Segment Start: Extracted material

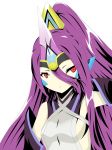  1girl arc_system_works artist_request bare_shoulders blazblue blazblue:_central_fiction breasts detached_sleeves expressionless hades_izanami long_hair looking_at_viewer mikado_(blazblue) purple_hair red_eyes shiny shiny_hair shiny_skin solo 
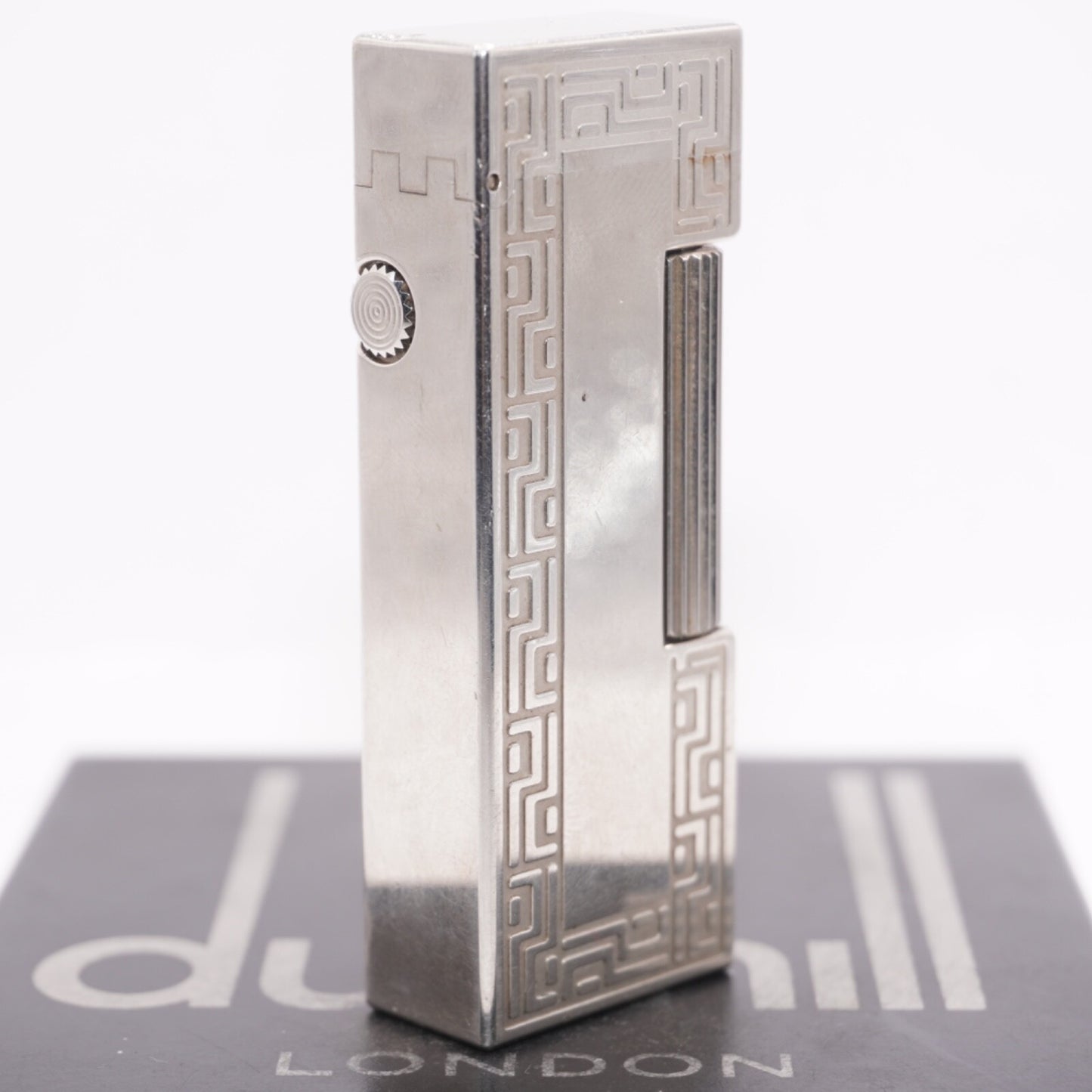 Dunhill Lighter Geometrical Pattern Chrome Plate_Ultrasonically cleaned _Working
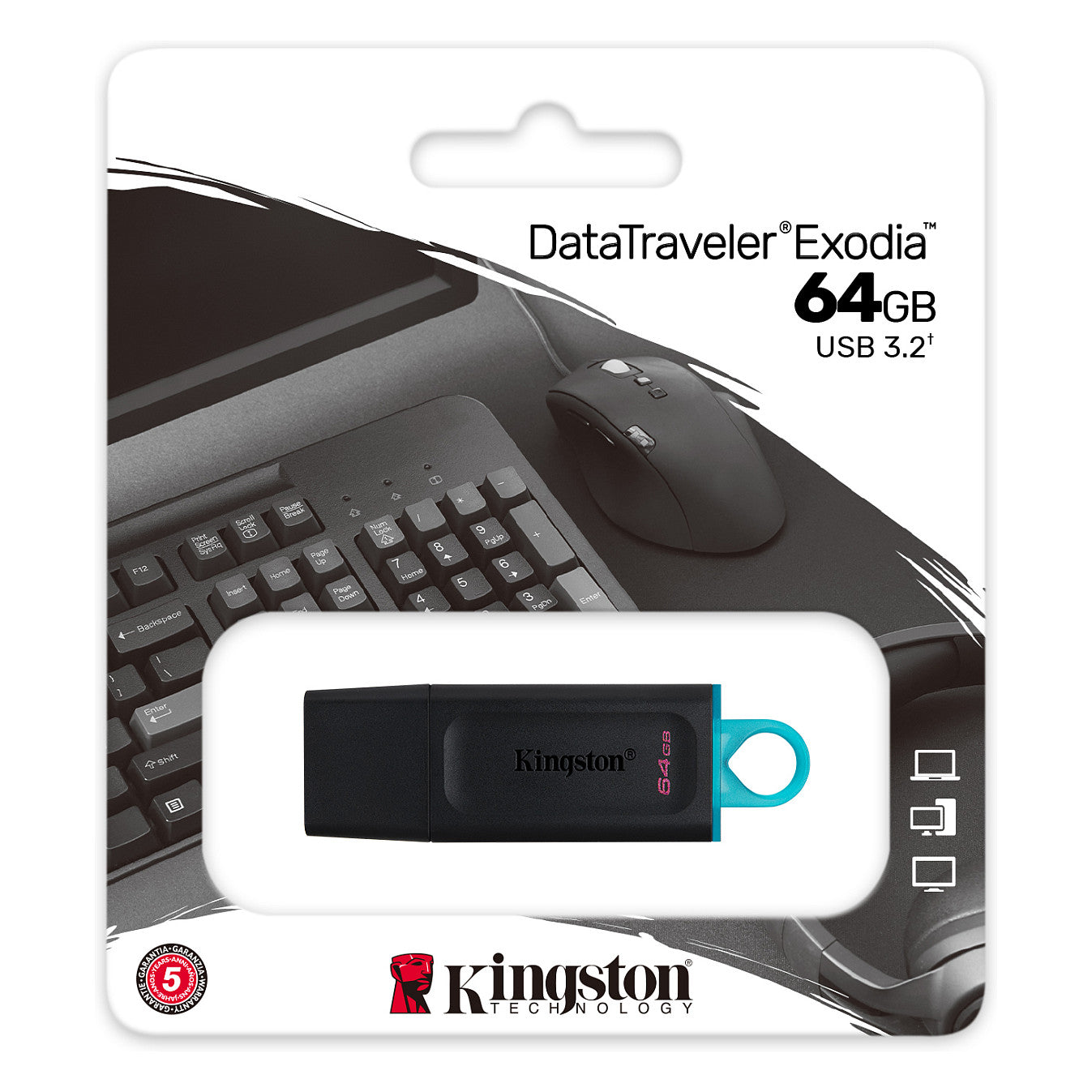 STICK 64GB USB 3.2 Kingston DataTraveler Exodia Black/Teal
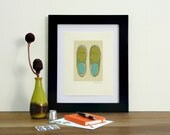 buy one get one free : chartreuse and aqua vans sneakers illustration art print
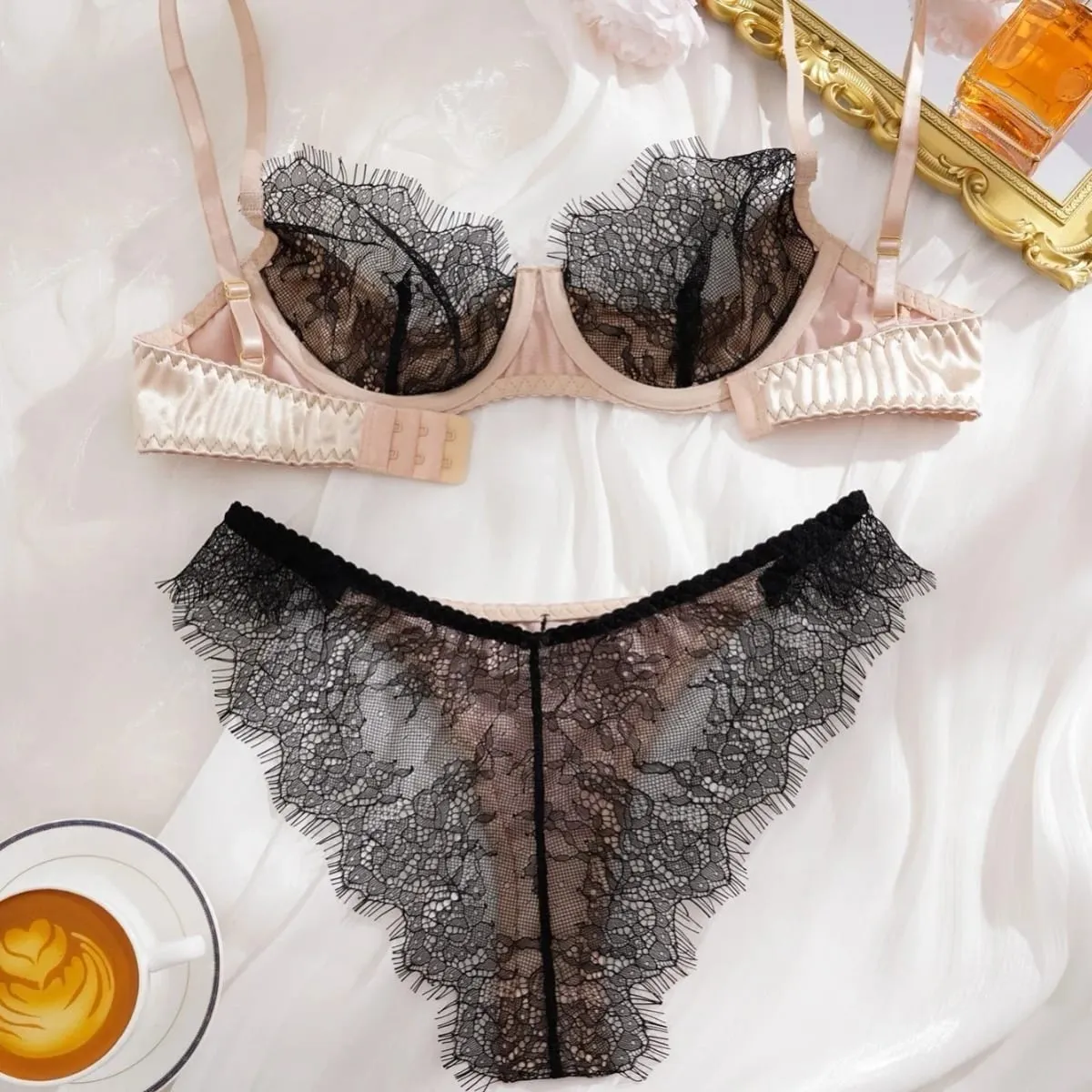 Tecido de cetim cílios rendas retalhos ultra fino sem forro conjuntos de sutiã roupa interior com underwire lingerie sexy sutiã feminino — image 3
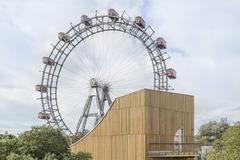 Top floor of the new Pratermuseum with the iconic Ferris wheel in the background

Segment End: Extracted material

Word for word, restate the material above; do not carry over the pictures.

  1girl arc_system_works artist_request bare_shoulders blazblue blazblue:_central_fiction breasts detached_sleeves expressionless hades_izanami long_hair looking_at_viewer mikado_(blazblue) purple_hair red_eyes shiny shiny_hair shiny_skin solo 
 Dunhill Lighter Geometrical Pattern Chrome Plate_Ultrasonically cleaned _Working
 STICK 64GB USB 3.2 Kingston DataTraveler Exodia Black/Teal
 buy one get one free : chartreuse and aqua vans sneakers illustration art print
 Tecido de cetim cílios rendas retalhos ultra fino sem forro conjuntos de sutiã roupa interior com underwire lingerie sexy sutiã feminino — image 3
 Top floor of the new Pratermuseum with the iconic Ferris wheel in the background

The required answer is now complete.